=== Work to complete ===
Images are to be dropped, and the rest of the data reproduced exactly.

(Saved data entries)
# # # # # # #
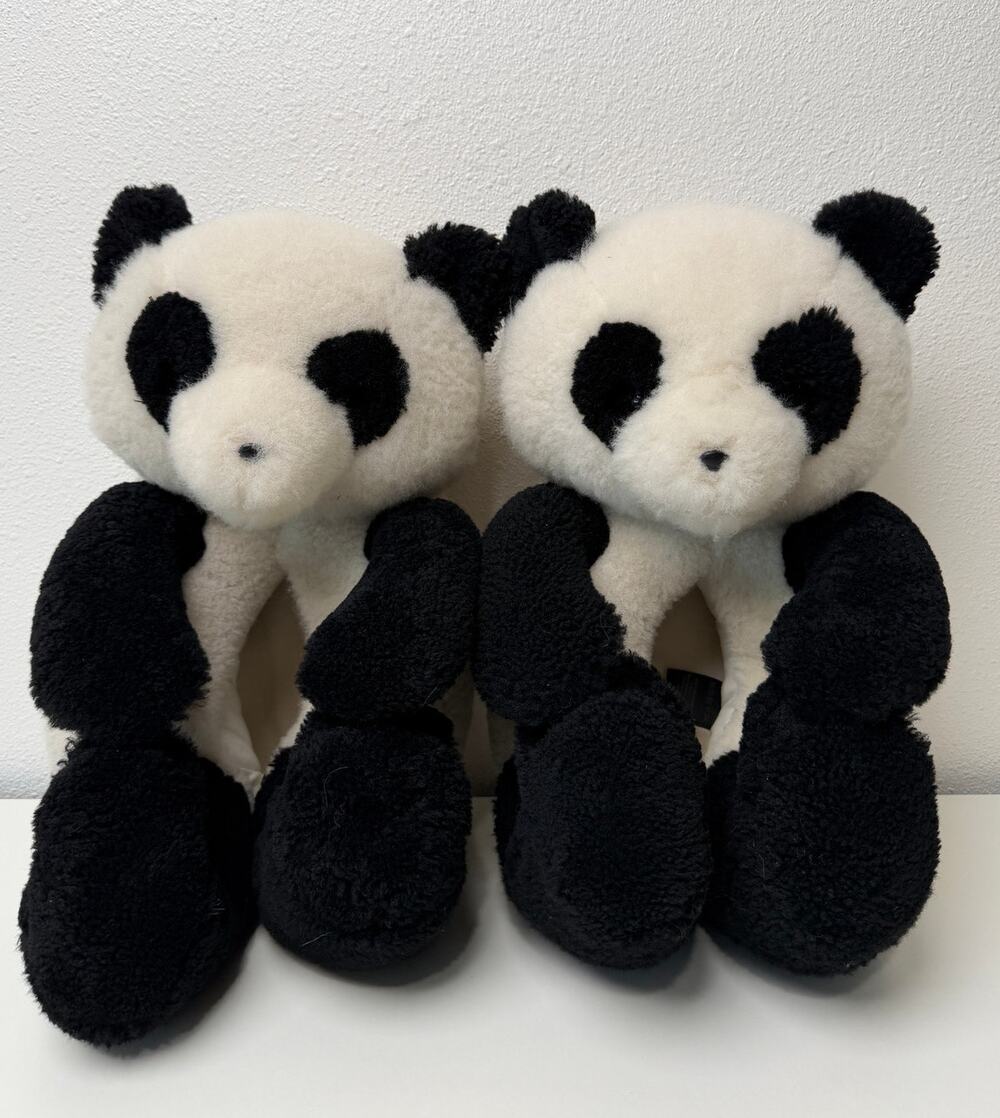 RARE VETEMENTS FW21 Panda Hug Me Slippers Shoes EU 45/46
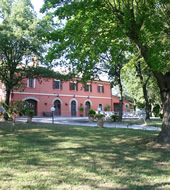 Agriturismo La Meridiana - Esterno della Casa Colonica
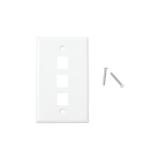 LinkedPRO LP-FP-18 tapa de seguridad para enchufe RJ-45 Blanco 1 pieza(s)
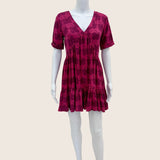 Berry Hibiscus Women's Sammy Dress - Sweet Sweet Honey Hawaii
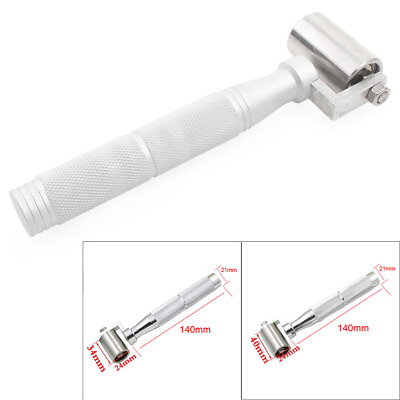 #ad #ad A Stainless steel Flat Pressure Roller Wallpaper Apply Hand Tool Kit W Bearing $16.88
# # # # # # #
=== Reply to the exercise ===
 RARE VETEMENTS FW21 Panda Hug Me Slippers Shoes EU 45/46
 Agriturismo La Meridiana - Esterno della Casa Colonica
 LinkedPRO LP-FP-18 tapa de seguridad para enchufe RJ-45 Blanco 1 pieza(s)
 Berry Hibiscus Women's Sammy Dress - Sweet Sweet Honey Hawaii
 #ad #ad A Stainless steel Flat Pressure Roller Wallpaper Apply Hand Tool Kit W Bearing $16.88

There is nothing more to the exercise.